Por que Wall-E trará a “revolução”? Além do caráter de Prometeu desse incrível protagonista (que daqui a pouco discutiremos), o robozinho é o colecionador. Como teórico do colecionismo, Walter Benjamin entenderá que cada coisa isolada, fragmento, objeto, ou ruína, por menor e mais insignificante que seja, terá a qualidade e a atribuição de conter dentro de si a totalidade das coisas, do contexto que produziu esse pedaço e que ele ajuda a compor. O todo se revela no singular. Dito isto, passemos a palavra ao próprio filósofo, no livro Passagens:
“Escrever a história significa (...) citar a história. Ora, no conceito de citação está implícito que o objeto histórico em questão seja arrancado do seu contexto.”
Desse modo, o robozinho escreve, recompõe a história humana através dos pequenos objetos que ele retira e guarda das ruínas da civilização: isqueiros, garfos, músicas, trechos de filmes: o musical Hello, Dolly! (1969, de Gene Kelly), que funciona como mote para a pequena história de amor entre Wall-E e Eva, e é mais um exemplo de como o filme de Stanton dialoga bem com a tradição cinematográfica.

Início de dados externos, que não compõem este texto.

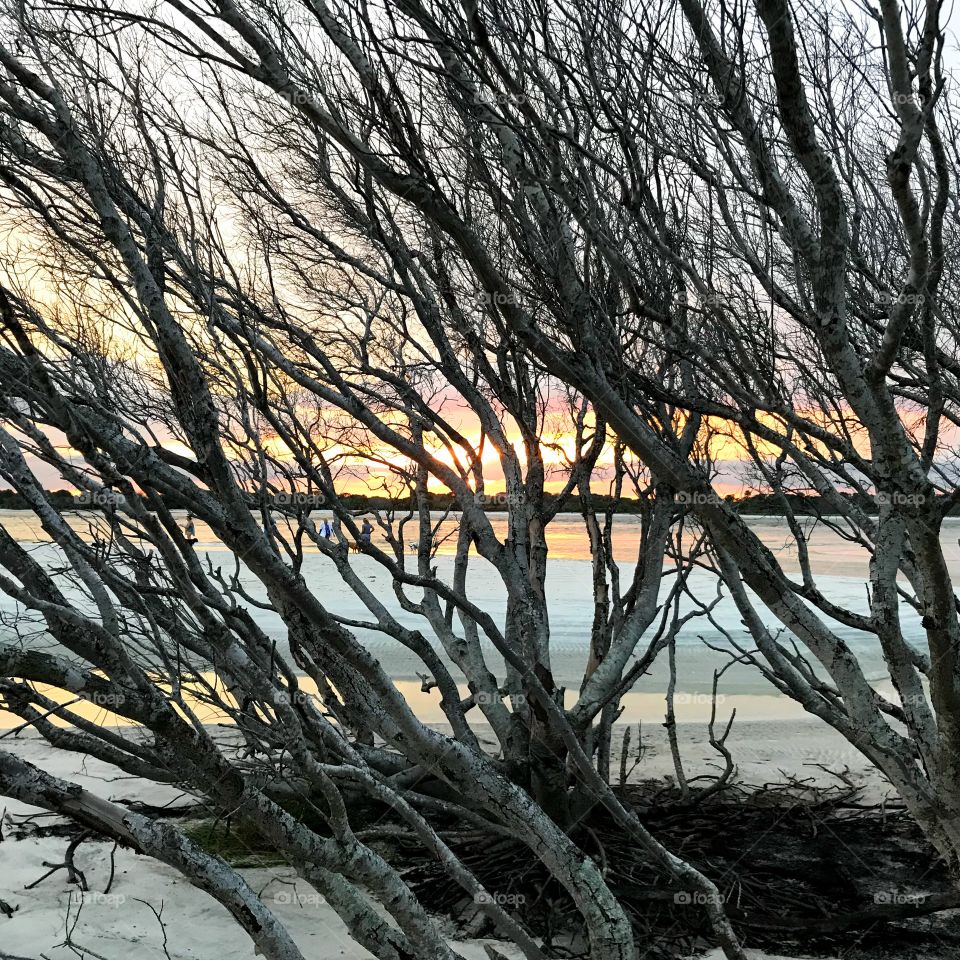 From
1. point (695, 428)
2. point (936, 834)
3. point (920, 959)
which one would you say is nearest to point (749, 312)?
point (695, 428)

Outro exemplo interessantíssimo de (re)montagem da história através de fragmentos expressivos são os créditos finais, que mostram a nova evolução da humanidade (emagrecendo e repovoando o planeta) em imagens animadas e desenhadas segundo as marcas estilísticas de diversos movimentos da História da Arte: arte egípcia, arte clássica, arte medieval / bizantina, arte renascentista, arte barroca, arte impressionista e arte pré-modernista (o estilo de Cézanne). Quando se achava que o filme não tinha mais como surpreender, eis que até depois do final ele continua dando o seu recado.

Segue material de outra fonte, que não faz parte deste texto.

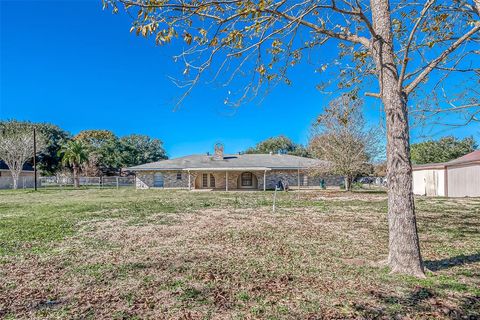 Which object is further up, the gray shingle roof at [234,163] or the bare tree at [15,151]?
the bare tree at [15,151]

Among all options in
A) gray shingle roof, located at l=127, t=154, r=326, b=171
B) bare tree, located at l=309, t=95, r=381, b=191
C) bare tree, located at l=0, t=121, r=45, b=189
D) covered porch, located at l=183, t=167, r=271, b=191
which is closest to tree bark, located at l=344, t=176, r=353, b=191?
bare tree, located at l=309, t=95, r=381, b=191

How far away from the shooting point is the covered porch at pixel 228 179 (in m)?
30.8

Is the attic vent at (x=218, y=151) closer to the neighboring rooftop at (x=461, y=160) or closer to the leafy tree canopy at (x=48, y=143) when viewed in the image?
the neighboring rooftop at (x=461, y=160)

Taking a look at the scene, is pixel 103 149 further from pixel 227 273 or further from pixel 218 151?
pixel 227 273

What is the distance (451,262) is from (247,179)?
2696 cm

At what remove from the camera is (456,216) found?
422 inches

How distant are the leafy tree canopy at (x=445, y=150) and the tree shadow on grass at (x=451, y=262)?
43963mm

Diz o Professor Márcio Seligmann-Silva, tradutor de Benjamin e autor de estudos sobre o filósofo: “O gesto do colecionador de arrancar as coisas de seu contexto, assim como o gesto do catador que ‘reencanta’ o que fora descartado pela sociedade de consumo, são paralelos ao gesto do ‘materialista histórico’ que, com sua historiografia-montagem, visa romper com o continuum da dominação. Esta libertação, para Benjamin, é tanto dos homens como do próprio passado. Para Benjamin, apenas em uma sociedade libertada caberia uma memória total do passado: (...)”

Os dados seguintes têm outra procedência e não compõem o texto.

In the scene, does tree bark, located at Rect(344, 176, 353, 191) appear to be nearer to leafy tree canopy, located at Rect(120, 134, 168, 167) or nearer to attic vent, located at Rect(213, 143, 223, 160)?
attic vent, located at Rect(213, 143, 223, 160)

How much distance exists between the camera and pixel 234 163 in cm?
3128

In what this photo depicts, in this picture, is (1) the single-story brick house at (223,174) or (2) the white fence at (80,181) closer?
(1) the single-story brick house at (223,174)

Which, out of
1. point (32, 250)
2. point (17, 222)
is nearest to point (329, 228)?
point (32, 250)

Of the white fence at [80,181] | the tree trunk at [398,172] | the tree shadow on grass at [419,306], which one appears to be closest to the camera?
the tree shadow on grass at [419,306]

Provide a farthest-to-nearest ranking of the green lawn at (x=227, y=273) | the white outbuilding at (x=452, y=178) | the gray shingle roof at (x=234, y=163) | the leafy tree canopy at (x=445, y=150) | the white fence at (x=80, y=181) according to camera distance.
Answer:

Não seria Wall-E esse “catador”? O robô chega mesmo a fazer uma montagem artística a partir do lixo, entulho e ferro-velho que encontra (para impressionar a sua Eva); como as instalações daqueles artistas contemporâneos que se aproveitam de tudo o que se joga fora. Nesse sentido, é Wall-E quem – mesmo sendo máquina – rompe a “dominação” do homem e do passado pela própria máquina (o “Halt”), trazendo a “libertação” que recuperará a “memória total do passado”. Essa função do protagonista se torna ainda mais significativa se considerarmos que é ele quem encontra e guarda o único exemplar de vida vegetal a existir na Waste Land que um dia se chamou Terra. Um broto de plantinha que nos faz lembrar os versos de A Flor e a Náusea, de Drummond: “É feia. Mas é uma flor. Furou o asfalto, o tédio, o nojo e o ódio”.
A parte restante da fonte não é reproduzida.